Member of the National Assembly
- In office 3 August 2020 – 1 August 2022

Personal details
- Born: 26 August 1970 (age 55) Priština, SR Serbia, Yugoslavia
- Party: Dveri (2001–2015) SPAS (2018–2020)
- Other political affiliations: National Network (2015–present)
- Alma mater: University of Belgrade

= Vladan Glišić =

Serbian politician and lawyer

Vladan Glišić (Владан Глишић, August 26, 1970) is a Serbian politician and lawyer who was a member of the presidency of the Serbian Patriotic Alliance from 2018 to 2020. He is a former leader of Dveri and an independent candidate at the 2012 Serbian presidential elections. He is a former member of the National Assembly.

== Early life ==
He was born in Priština in 1970. He finished middle and high school in Aranđelovac, and the Faculty of Law, University of Belgrade. At the age of 17, he became one of the last political convicts in the Socialist Federal Republic of Yugoslavia, when he was imprisoned for founding and operating a secret youth anti-communist organization of Serbian nationalists.

== Political career ==
He has been actively involved in politics since he was seventeen, and in 2001 he joined the Dveri movement. In 2003, he became a member of the Elders of this movement. He was a member of the Eldership of Dveri until June 2015, when this body of the Dveri movement was abolished. He ran for president at the 2012 Serbian presidential elections and won 2.77% of the vote.

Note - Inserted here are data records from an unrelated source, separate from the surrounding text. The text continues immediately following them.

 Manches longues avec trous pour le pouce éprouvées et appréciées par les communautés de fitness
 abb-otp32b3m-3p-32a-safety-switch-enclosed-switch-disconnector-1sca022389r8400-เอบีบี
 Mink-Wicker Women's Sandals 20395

After the founding assembly of the Serbian movement Dveri as a political party, held on 27 June 2015, at which the Eldership was abolished and the Transitional Council was elected and Boško Obradović was elected president of this movement (until then this function did not exist in the Dveri movement). Vladan Glišić opposed such a transformation of the movement. He was not elected to any position in the movement after the Eldership was abolished. After that, Glišić withdrew from the activities in this movement and continued to criticize in the media the reforms within the movement initiated by Boško Obradović. He formally remained a member of the Dveri movement. On 15 August 2015, Dveri announced that Vladan Glišić has not spoken on behalf of this movement since the founding assembly of Dveri held on 27 June 2015, and that he can only speak on his own behalf.

He was a legal advisor at the Ministry of Finance of Serbia, as well as the Deputy Public Attorney in the municipality of Rakovica.

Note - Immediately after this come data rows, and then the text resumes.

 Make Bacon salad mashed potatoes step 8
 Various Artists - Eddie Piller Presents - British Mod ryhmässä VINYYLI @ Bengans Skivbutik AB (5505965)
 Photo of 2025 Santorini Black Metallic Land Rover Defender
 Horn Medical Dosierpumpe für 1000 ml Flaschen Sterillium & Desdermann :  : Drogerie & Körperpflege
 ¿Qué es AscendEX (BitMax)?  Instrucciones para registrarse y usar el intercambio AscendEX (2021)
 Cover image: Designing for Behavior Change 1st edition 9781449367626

After leaving Dveri, he founded a political organization called National Network which participated in the 2016 Serbian Parliamentary election. However, the organization finished last, with only 0.46% of the popular vote.

Since July 2018, he has been a member of the presidency of the newly established political party called the Serbian Patriotic Alliance (SPAS), which is headed by Aleksandar Šapić. He received a fifth position at the electoral list of the Serbian Patriotic Alliance for the 2020 Serbian Parliamentary elections.

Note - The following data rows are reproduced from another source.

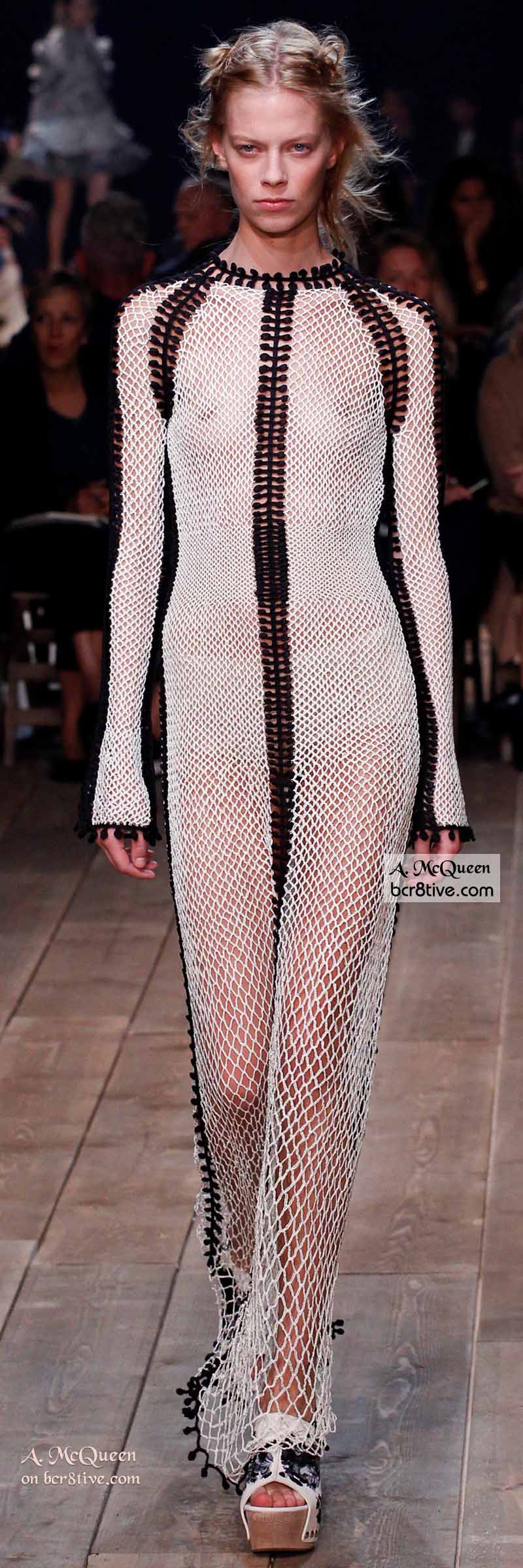 Mesh Gown - The Best of Alexander McQueen 2016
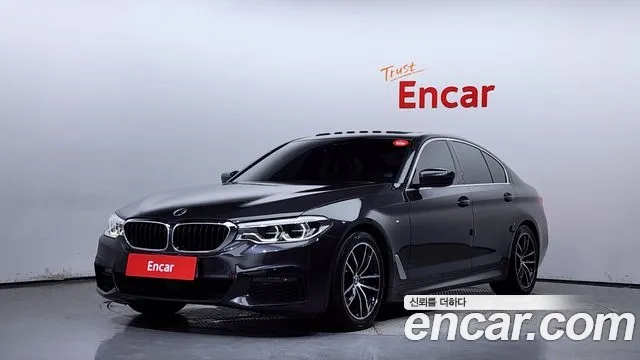 BMW 5 Series (G30) 2020 Серый из Кореи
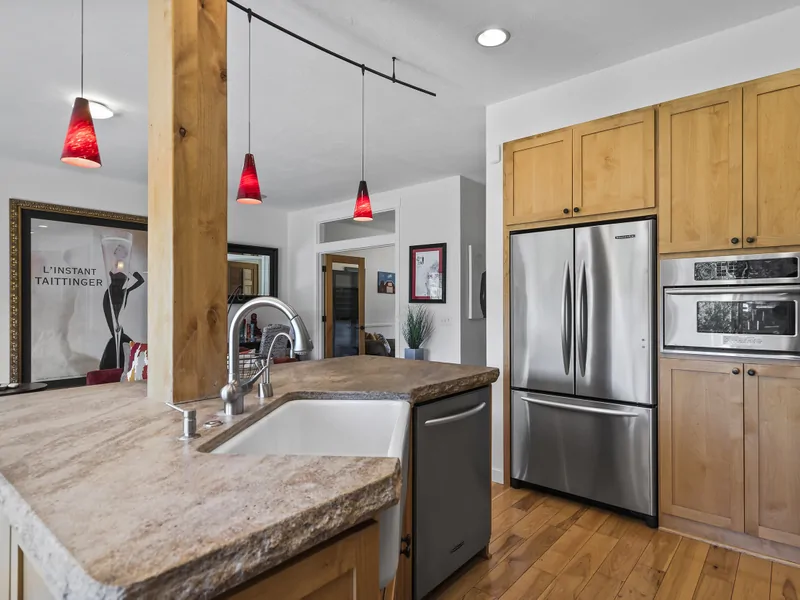 Kitchen Area: Holy Cow Downtown Riverfront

After the 2020 Serbian Parliamentary elections in which the Serbian Patriotic Alliance finished third, Glisić said that his party is willing to participate in the government if the Serbian Progressive Party offers them a coalition.

On 22 July 2020, Aleksandar Šapić announced that he removed Glišić from the SPAS parliamentary group and that he will also be removed from the party because he broke the party rules.

In late March 2021, Glišić stated his opposition to legalization of civil unions including the "LGBT ideology".